Sometimes it hurts to have known better. He couldn't have reached the spot if he cast to it, even had I urged him to. I took that cast because I knew it was mine alone. But, in truth, I knew as I let that plug fly with all the power of a grown man's arms it couldn't possibly be mine alone.
I didn't touch the plug. I looked to the left of it and saw the quarter-ounce plug of the same model and color I was pretty sure is the one Matt gave me as part of a Christmas gift. This could perhaps seem too close an association to the other plug, but I've never felt his gift is tainted by Mount Hope's ambiguity. I tied fluorocarbon to the loop of a snap attached to it's loop.
These weedlines along the northern shoreline drop very sharply. We didn't fish them long. Against what I knew was Mike's wish, I clocked the electric onto its highest speed, and we headed back to the eastern cove. That's what it is, more than corner, really.
Soon I saw nervous water. "That's a nice fish," I said.
"Um, huh," Mike said. Directly on point. Yeah, that's what it is. No reach for his rod.

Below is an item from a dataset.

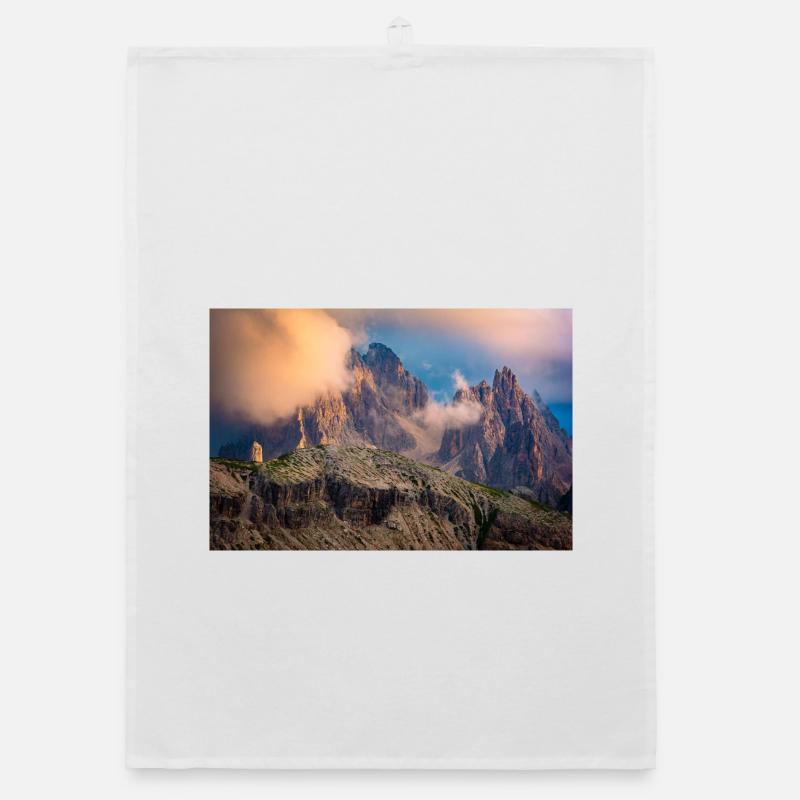 Groupe de Cadini dans les Dolomites dans le brouillard Torchon bio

How big, I couldn't tell for sure, but I thought three pounds. It was just a fleeting ripple, but I could tell--something nice. Depth was marking eight feet on the sonar graph, and I had to get the canoe in close to the pockets and weedy mess a weedless frog would better suit, where I guess five or six feet of water fell underneath.

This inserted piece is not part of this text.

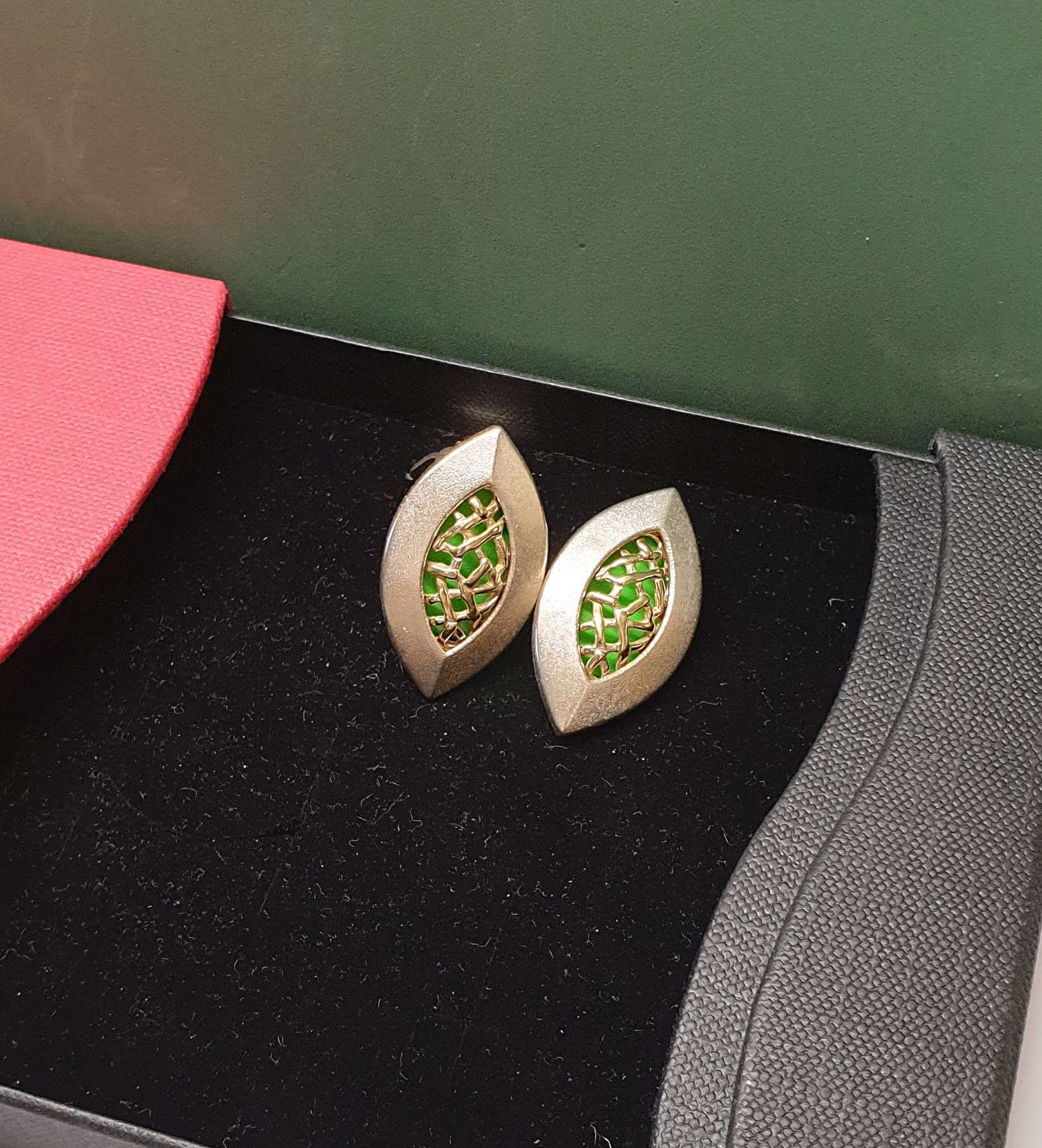 Nostalgische Ohrringe Ohrclips Silber 925 teilvergoldet Lawastein hellgrün edel Vintage Design selten rar SO277 – Bild 5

Third cast, the bass that made the ripple took that Rebel hard. "Mike, it's a big one, get the net."
I didn't measure her, but I think she was about 19 inches. The Rebel sucked almost to the gullet, I had to use a hemostat to get it out cleanly.

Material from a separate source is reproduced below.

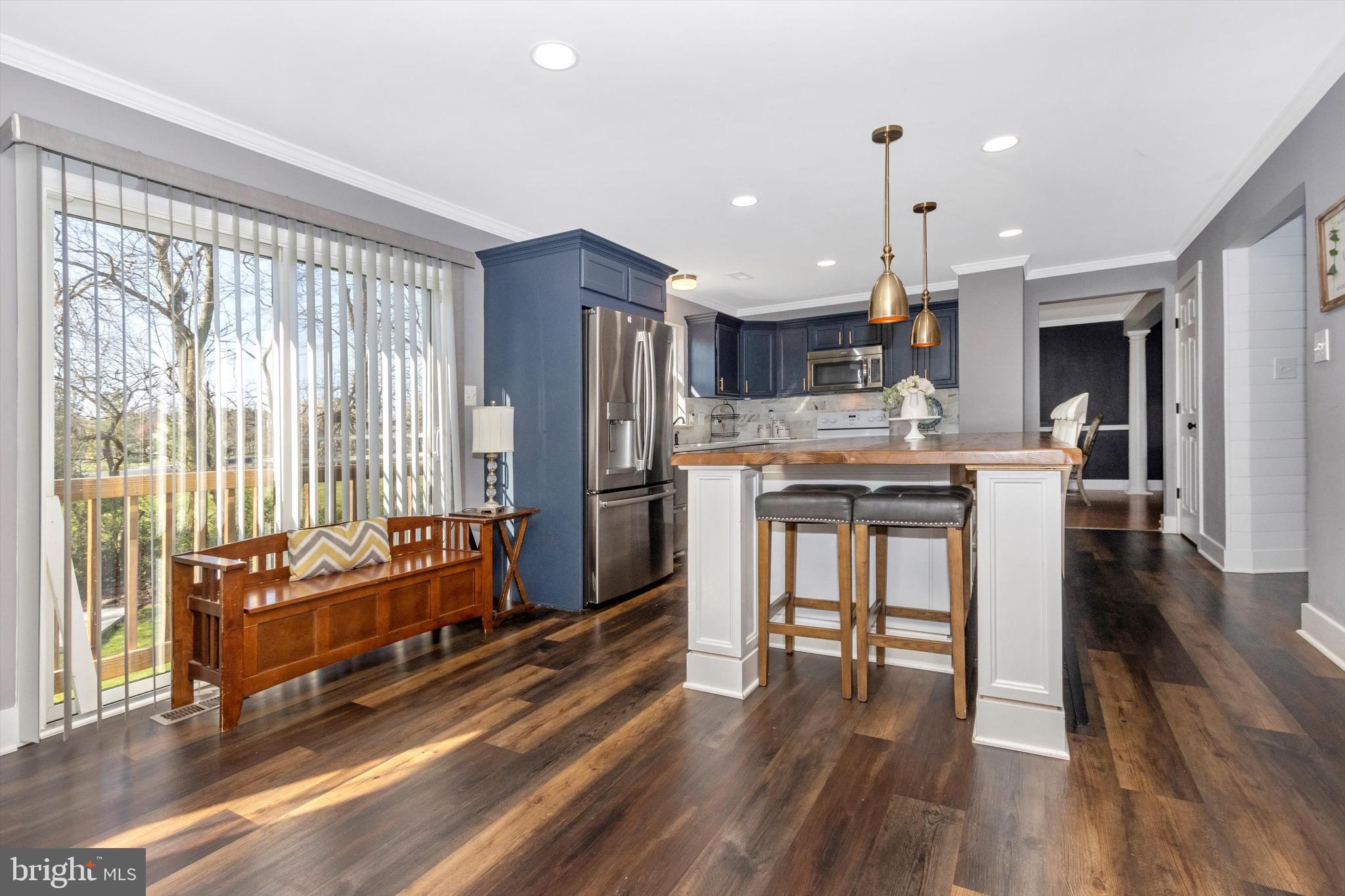 NORTH CROSSING - Residential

Again, I saw nervous water. The resulting bass weighed about two-and-half pounds. About 16 1/2 inches long, and fat. Further eastward, I caught a 15-incher, and then as we progressed further, carefully working those weeds, I said, "I think that was the 10-minute window." We fished another 10 minutes and then I said, "Let's go home."
I swung the canoe about at top speed, and muttered to Mike, "That was brilliant." I intended the words to be inclusive, because making that promise to him had made the difference. It never can be that a man goes it alone through an entire lifetime, so it must be that promises to others are absolutes. I had obeyed a deep-down desire of my own, when I felt that eastern corner might produce, but I didn't fail to think of my promise where things matter most: At the forefront of the mind where the murky waters of faith no longer fail to offer real hope. It's the hardest thing to go on and keep trying when you have no idea in that active part of the brain, but it sure feels good when finally you get a clue.